Frequently Asked Questions

Are password managers secure enough for businesses?

Yes, in general, password managers are secure enough to protect a business’s passwords. Most password managers use strong encryption, maintain zero-knowledge protocols, and provide extra security features like MFA and cross-platform sharing. Some top brands like Dashlane even have VPN integration.

All of the password managers on this list are robust systems engineered with security in mind. And the companies developing these systems are highly reputable cybersecurity providers. In short, businesses aren’t really secure until they have a secure password management system.

How do you ensure high user adoption rates when implementing a new password manager?

To ensure high user adoption rates, select a password manager that offers intuitive interfaces, comprehensive, easy-to-use training materials from the vendor, and the ability to enforce strong password policies. Integration into daily workflows, clear communication about the benefits, and support from password champions within your organization are crucial. Additionally, setting minimum password requirements for applications helps standardize security practices, making it easier for users to maintain strong passwords consistently. 1Password offers dedicated onboarding support for teams of 21 or more members.

What’s the best password manager for businesses?

1Password Business is my favorite — it’s secure, intuitive, and includes a wide range of features for both end-users and admins. 1Password also includes features like SSO (single sign-on) and active directory software integration, which can help your business better manage how team members use 1Password.

Does my business really need a password manager?

If your business is handling more than just a few passwords, yes! I’d recommend that you try a password manager — not just for convenience, but also for security. Password managers will store all of your company’s login details in a secure ecosystem designed to make everything easier, safer, and more convenient. They point out security flaws in protocols and highlight weak and compromised passwords.

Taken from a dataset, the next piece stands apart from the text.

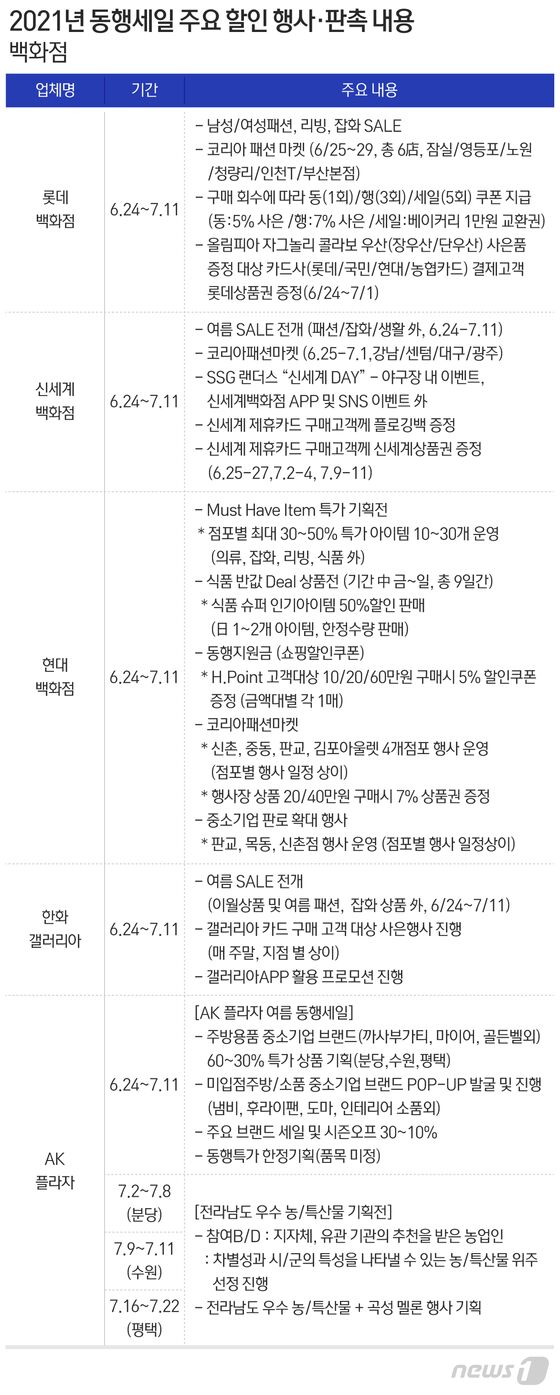 © News1 최수아 디자이너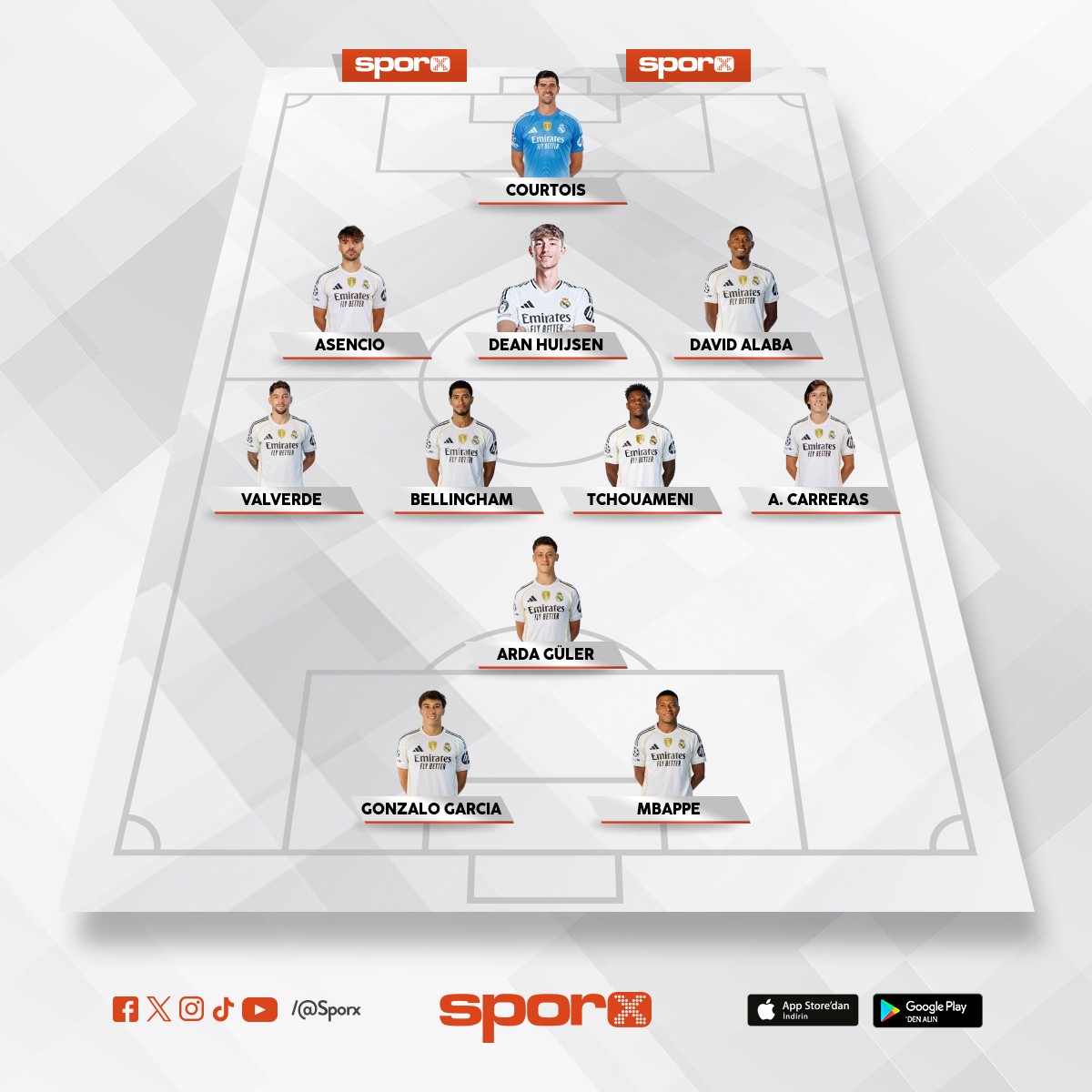 Real olmas� gereken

Some, like Keeper, even alert you to data breaches that contain company-compromising information.

How much does a business password manager cost?

That depends. In general, the size of your business will determine the size and scope that your password manager will need to cover — and that will determine the cost.

That said, if you’re a small business that only needs basic password management features like password storage, auto-fill capabilities, and password sharing, there are many low-cost options on this list you can try. But it’s best if your password manager is flexible enough to scale with your business as it grows. Top password managers like 1Password and Dashlane have excellent features for everyone, from small teams of under 5 to large enterprises with thousands of employees.

Does Google have a password manager for businesses?

No, Google doesn’t offer a business version of its password manager — its password manager is currently only available for individuals. That said, Google Workspace enables third-party password manager integration options for business password managers like TeamPassword, Passwd, and Zoho Vault. Businesses can install add-ons to Google Workspace accounts, meaning the password manager is accessible from each user’s Google Apps menu, and both team members and managers can use the password manager’s features within Google Workspace.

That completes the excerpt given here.